Perowne sometimes wonders if, in his youth, he could ever have guessed that he would one day father a blues musician. How have he and Rosalind, such dutiful, conventional types, given rise to such a free spirit? One who dresses, with a certain irony, in the style of the bohemian fifties, who won’t read books or let himself be persuaded to stay on at school, who’s rarely out of bed before lunchtime, whose passion is for mastery in all the nuances of the tradition, Delta, Chicago, Mississippi, for certain licks that contain for him the key to all mysteries, and for the success of his band.

It’s true that on a body-surfing holiday in Pembrokeshire when Theo was nine, Henry showed him three simple chords on someone’s guitar and how the blues worked. That was just one thing along with the Frisbee throwing, grass skiing, quad biking, paintballing, stone skipping and in-line skating. He worked seriously on his children’s leisure back then. He even broke an arm keeping up on the skates. But he never could have guessed those three chords would become the basis of his son’s professional life.

Theo’s guitar pierces him because it also carries a reprimand, a reminder of buried dissatisfaction in his own life, of the missing element. There’s nothing in his own life that contains this inventiveness, this style of being free. The music speaks to unexpressed longing or frustration, a sense that he’s denied himself an open road, the life of the heart celebrated in the songs. There has to be more to life than merely saving lives. The discipline and responsibility of a medical career, compounded by starting a family in his mid-twenties - and over much of it, a veil of fatigue; he’s still young enough to yearn for the unpredictable and unrestrained, and old enough to know the chances are narrowing. Theo’s playing carries this burden of regret into his father’s heart. It is, after all, the blues.

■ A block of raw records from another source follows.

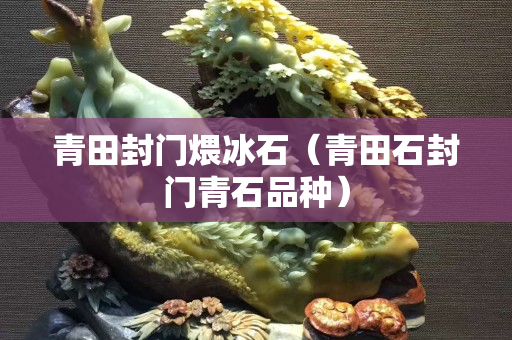 青田封门煨冰石（青田石封门青石品种）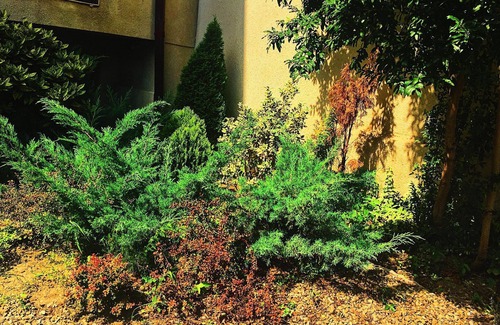 Avlabari House | Rose garden house in Tbilisi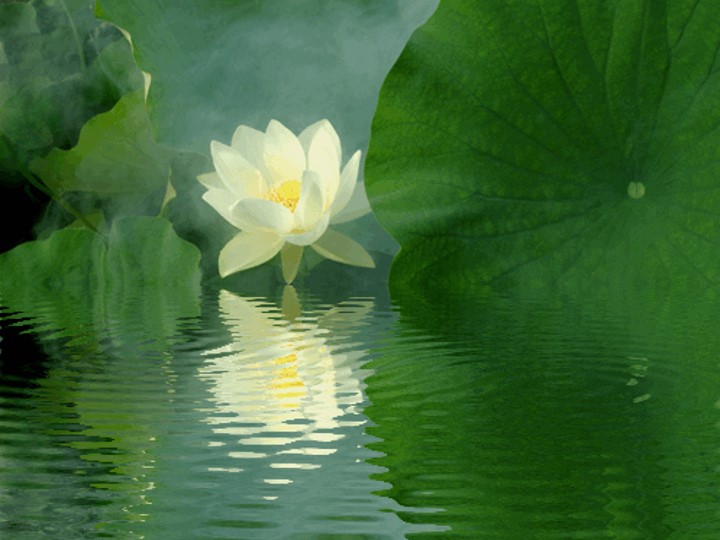 LAL600<span class="highlight">8</span>M-2023-24-SEM2-A LAL600<span class="highlight">8</span>M | Reflections in Linguistics | 2023-24 SEM2 (Group A)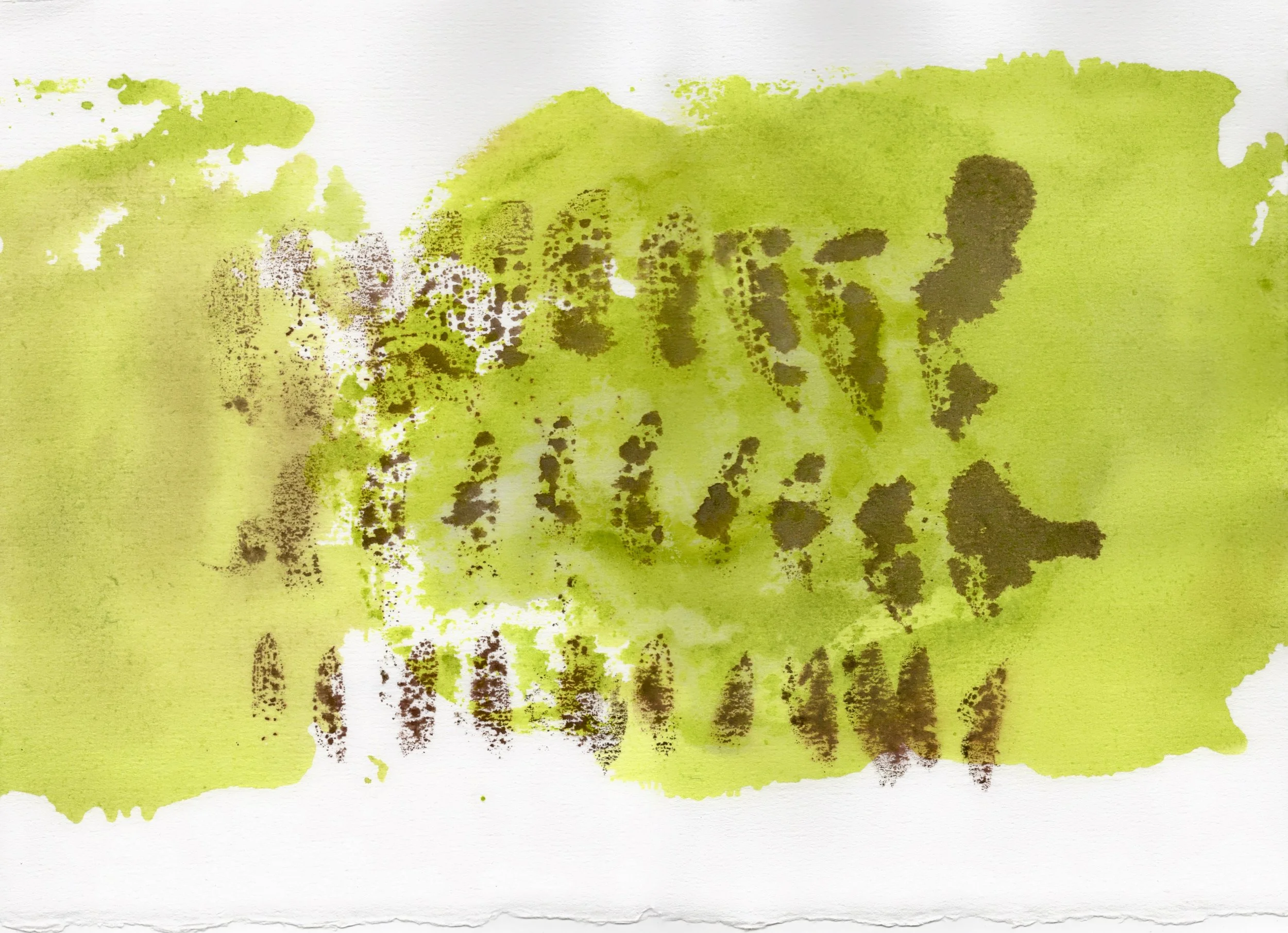 Study 6 | Watercolour and ink on paper, 10x14 inches  INQUIRE 
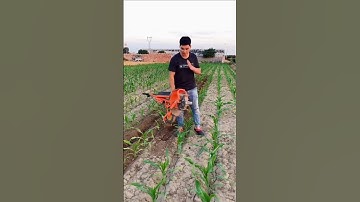 Small rechargeable micro-tillage machine # Electric weeding trenching machine #modernfarmer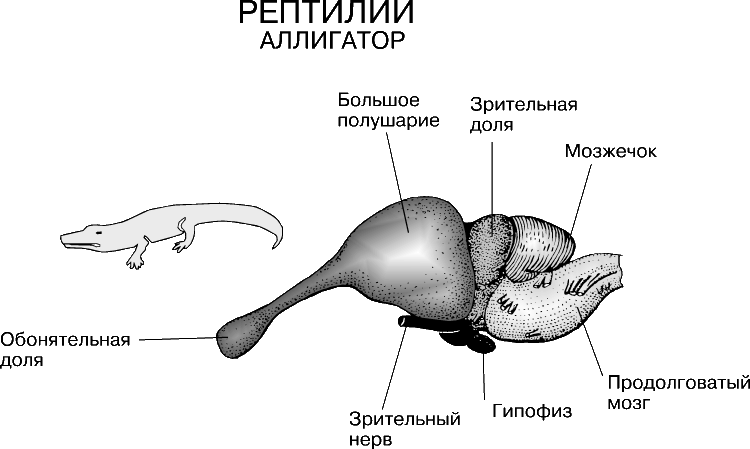 Отделы мозга ящерицы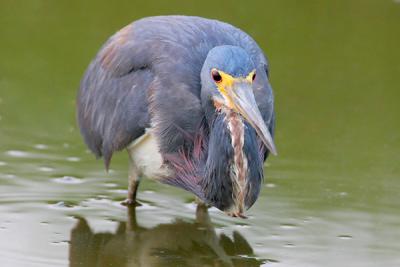 Tricolored Heron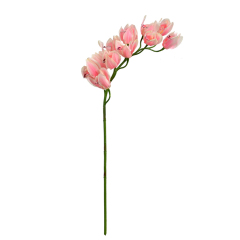 Faux Cymbidium Orchid Flower Stem,Faux Cymbidium Orchid Flower Stem
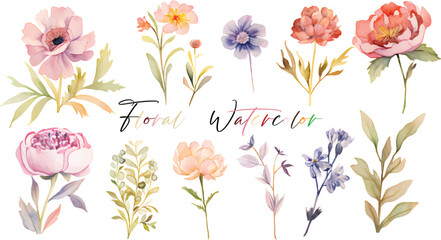 A very beautiful collection of watercolor flowers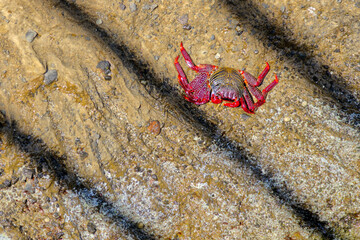 Red Sally Lightfoot Crab on Volcanic Rock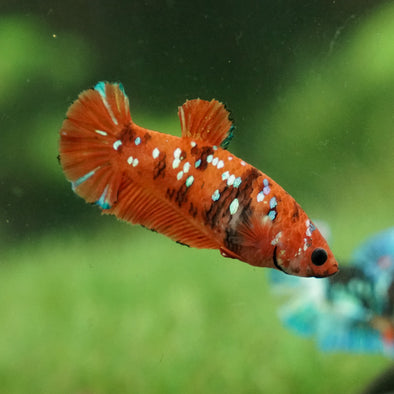 Multicolor/galaxy Koi Plakat- Female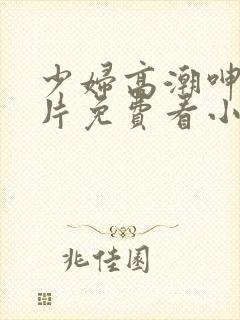 少妇高潮呻吟A片免费看小说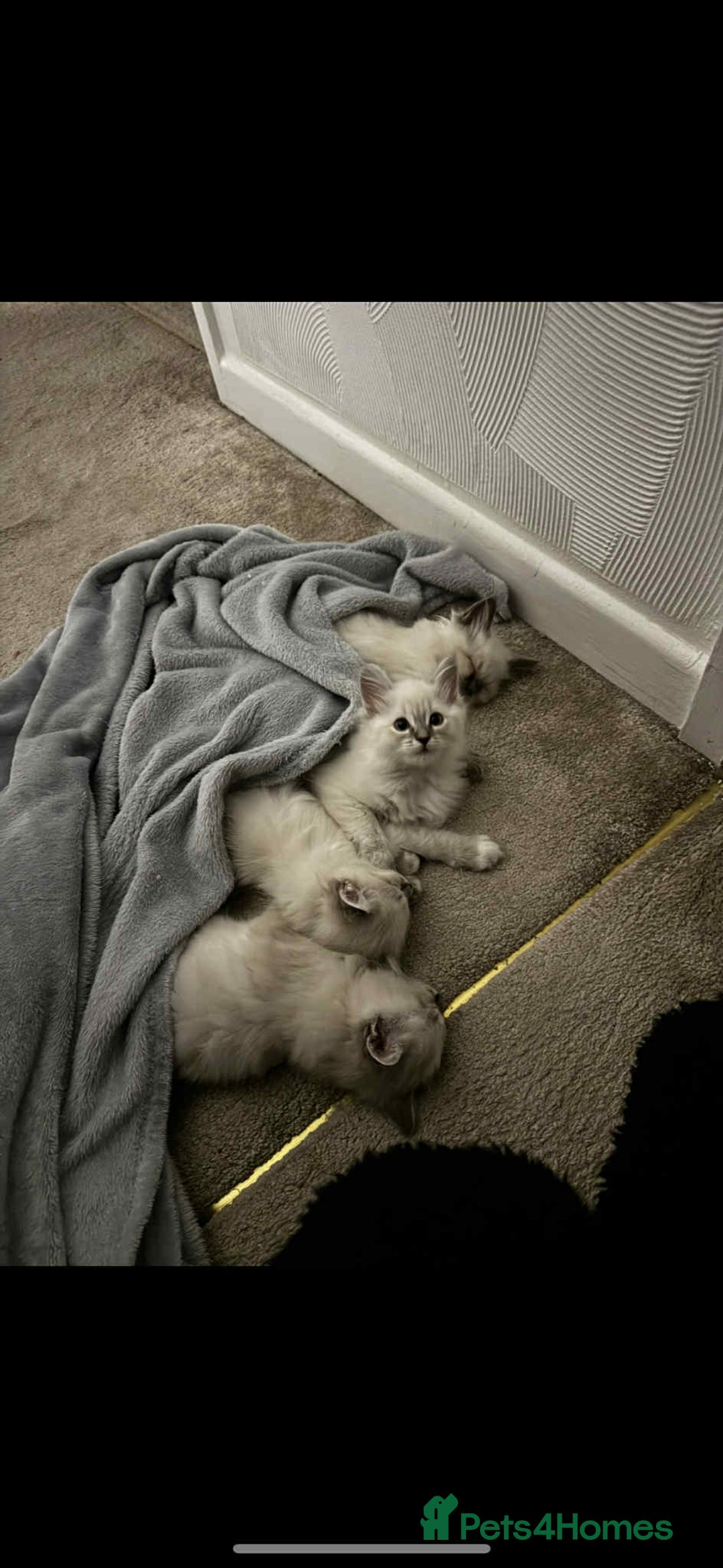 Ragdoll cats for sale: RAGDOLL KITTENS❣️FUR BABIES READY TO GO - Image 1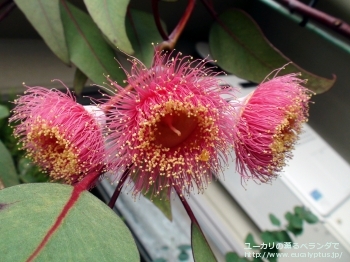 カエシア・マグナ (Eucalyptus caesia ssp. magna)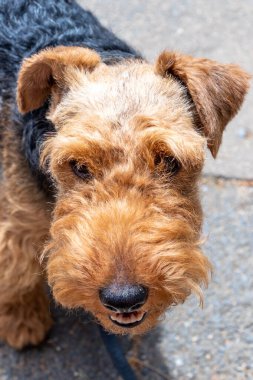 Yürüyüşe çıkmış küçük şirin bir teriyer.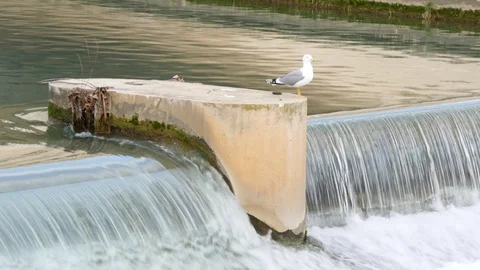 Seagull in Montpellier. Le Lez river. Stock Footage 100995344
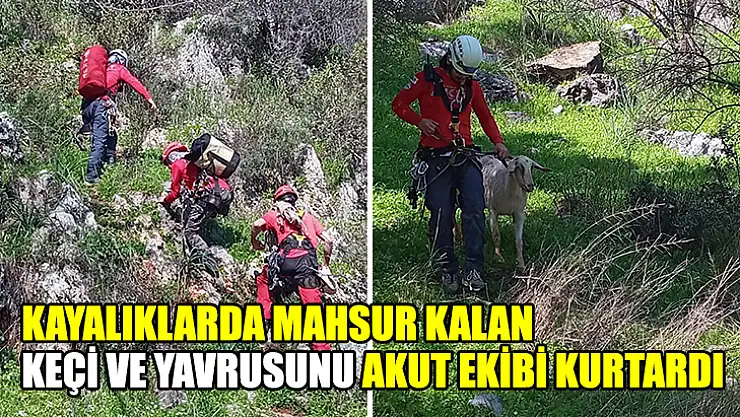 Kayalıklarda Mahsur Kalan Keçi Ve Yavrusunu AKUT Ekibi Kurtardı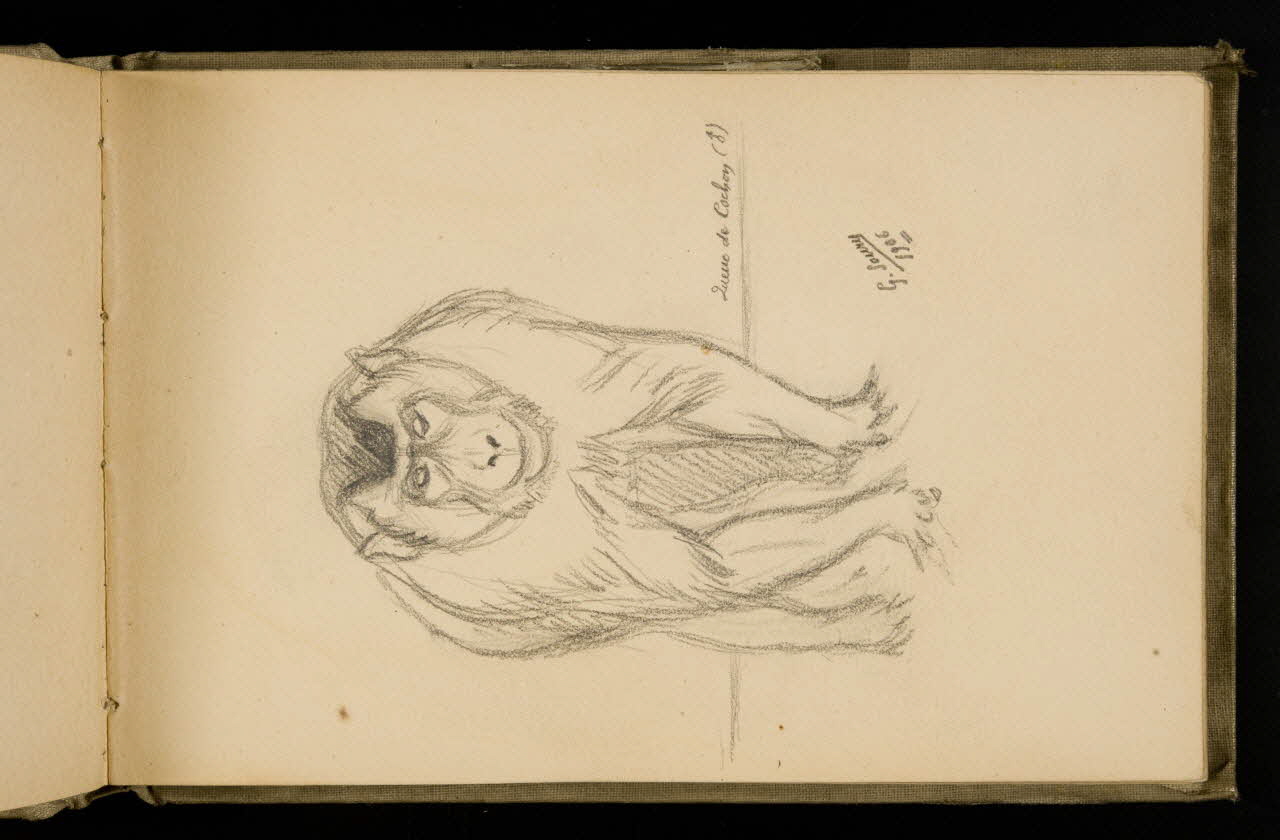 Gustave Soury carnet de dessins Etude de singe mâle 1906 1967.116.924.6  Photo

He goes to the dressing room, to the corner where he stores his sports gear. These are the small pleasures at the start of a Saturday morning - the promise of coffee, and this faded squash kit. Daisy, a neat dresser, fondly calls it his scarecrow outfit. Over a grey T-shirt he puts on an old cashmere jumper with moth-holes across the chest. The white socks of prickly stretch towelling with yellow and pink bands at the top have something of the nursery about them. Unboxing them releases a homely aroma of the laundry. The squash shoes have a sharp smell, blending the synthetic with the animal, that reminds him of the court, the clean white walls and red lines, the unarguable rules of gladiatorial combat, and the score.

As he bends to tie his laces, he feels a sharp pain in his knees. It’s pointless holding out until he’s fifty. He’ll give himself six more months of squash and one last London Marathon. Will he be able to bear it, having these pastimes only in his past?